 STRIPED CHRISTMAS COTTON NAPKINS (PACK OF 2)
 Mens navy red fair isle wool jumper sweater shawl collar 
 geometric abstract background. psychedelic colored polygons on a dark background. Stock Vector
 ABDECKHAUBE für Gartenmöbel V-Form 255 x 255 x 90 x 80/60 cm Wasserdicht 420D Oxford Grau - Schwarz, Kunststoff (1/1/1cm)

* * *

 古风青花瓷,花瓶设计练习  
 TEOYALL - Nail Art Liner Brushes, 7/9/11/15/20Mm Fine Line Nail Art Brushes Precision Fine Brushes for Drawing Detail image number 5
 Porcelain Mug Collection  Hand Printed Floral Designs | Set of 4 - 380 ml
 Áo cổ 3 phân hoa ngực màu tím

--- Instructions for the task ---
Using the entries above, repeat only the lines from the one containing "TEOYALL - Nail" through the one containing "Áo cổ 3 phân hoa ngực màu tím", end lines included.

--- Solution to the exercise ---
 TEOYALL - Nail Art Liner Brushes, 7/9/11/15/20Mm Fine Line Nail Art Brushes Precision Fine Brushes for Drawing Detail image number 5
 Porcelain Mug Collection  Hand Printed Floral Designs | Set of 4 - 380 ml
 Áo cổ 3 phân hoa ngực màu tím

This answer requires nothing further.